There was an article on Help Net Security that claims that the era of passive cybersecurity training is over. The article discusses how, despite people realising the need for improved cybersecurity, there are still vulnerabilities that leave businesses exposed to cyber threats.
The aforementioned statement is based on the key findings of a survey conducted by Action1. These are presented here:
Breaches Due to Known Vulnerabilities
The survey found that 10% of the respondents had suffered from a cyber attack in the past year. And, out of them, 47% were through known security vulnerabilities.
49% of the respondents said phishing was the most common attack vector, and over half (54%) reported they lost control of their data due to ransomware attacks.
Lack of Support from Executive Teams
Several IT teams reported that they didn’t receive adequate support for cybersecurity initiatives from upper management. That, according to them, has been a critical threat to the business’s cybersecurity posture.

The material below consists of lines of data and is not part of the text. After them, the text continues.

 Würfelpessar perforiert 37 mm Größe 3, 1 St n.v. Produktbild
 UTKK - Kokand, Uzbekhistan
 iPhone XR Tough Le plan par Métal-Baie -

The teams also reported that they often were too busy with operational issues to be able to adequately take care of cybersecurity.

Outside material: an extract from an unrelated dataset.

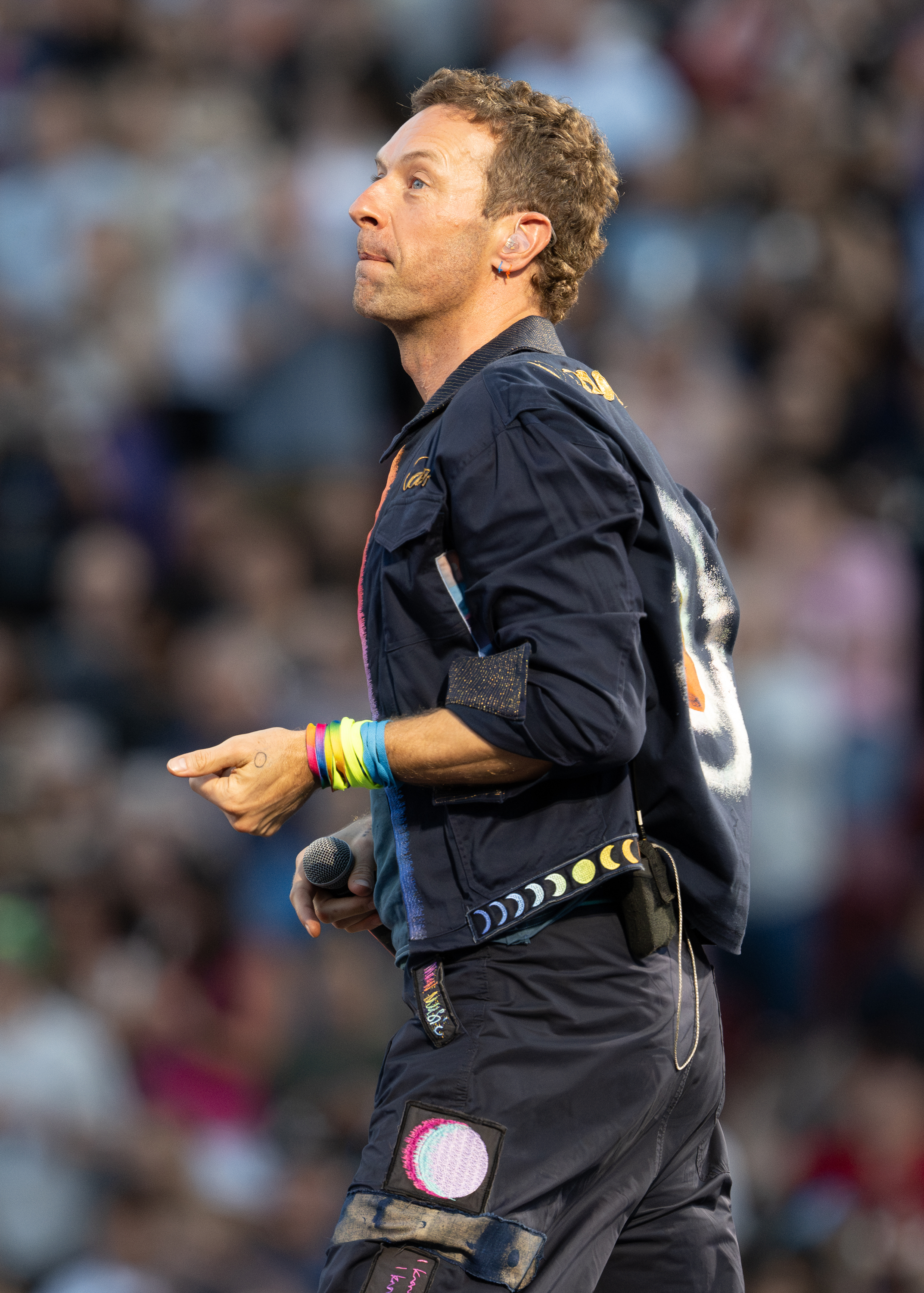 Chris Martin performs at Stanford Stadium on May 31, 2025 | Source: Getty images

Inadequate Response Time and Remediation Efforts
According to the respondents, the time taken to identify vulnerabilities, failure to prioritise security issues, and the delays in remediating known vulnerabilities might cost their companies in security breaches.

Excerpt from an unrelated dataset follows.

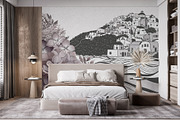 Hand Drawn Mediterranean Wallpaper, a Wallpaper Graphic by Nature.Of.Kate (Thumbnail 5 of 13)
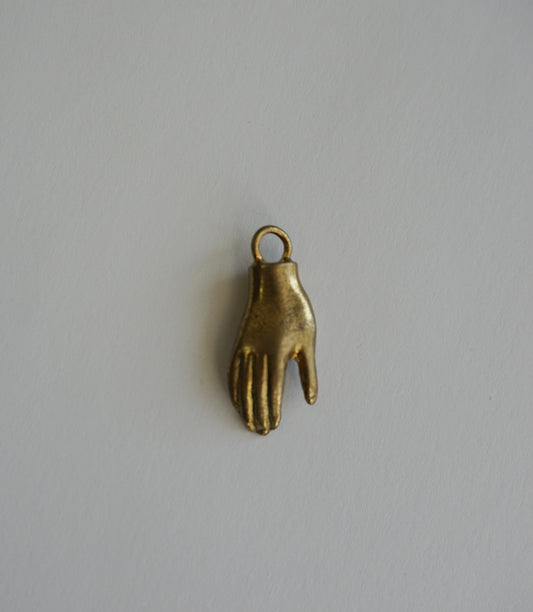 brass hold my hand pendant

Not Enough Cybersecurity Awareness Amongst Employees
The survey reported that employees need more time to improve their cybersecurity awareness. That means organisations are more at risk through phishing and other cyber attacks.
Based on these findings, what can businesses do to reduce their risk of cyber threats?
Manage Security Vulnerabilities Better
Since known vulnerabilities are often the ones exploited by threat actors, it is essential for businesses to manage and patch these flaws as soon as possible.
Use Automation to Reduce Cybersecurity Costs
Executive teams might not see any direct benefits of spending on cybersecurity, even though a cyber attack can end up costing the business a lot. However, IT security teams can use automation to lower their costs. This can be useful in arguing their case for a stronger cybersecurity posture.
Improving Cybersecurity Awareness
Since any cybersecurity strategy is only as strong as its weakest link—the employees—it is imperative that they are educated on the threats they might face and how to tackle them.
Communication channels are the preferred mode of social engineering attacks. Data stolen from other sources can be used to customise messages to make them more personalised and appear trustworthy.
With such attacks on the rise, employees should not only be equipped to identify phishing attacks but to also understand the importance of verifying before trusting.
Moreover, threat actors are now also using AI to generate malware, which, depending on how it’s used, might be more sophisticated than the average, run-of-the-mill computer virus.
In other words, businesses need to reduce their reliance on passive cybersecurity training.
Luckily, instead of a six-hour training session, which will be forgotten within the week, there are tools to help with ongoing training and monitoring. One such tool is CultureAI—a platform that helps “improve cybersecurity behaviours and reduce security incidents caused by employees”.
The platform offers human risk monitoring, security awareness coaching, employee security empowerment, and human risk response.
This platform can help alleviate some of the problems faced by businesses, such as poor cybersecurity awareness among employees, lack of knowledge on how to deal with potential risks, and what to do when an employee is at risk.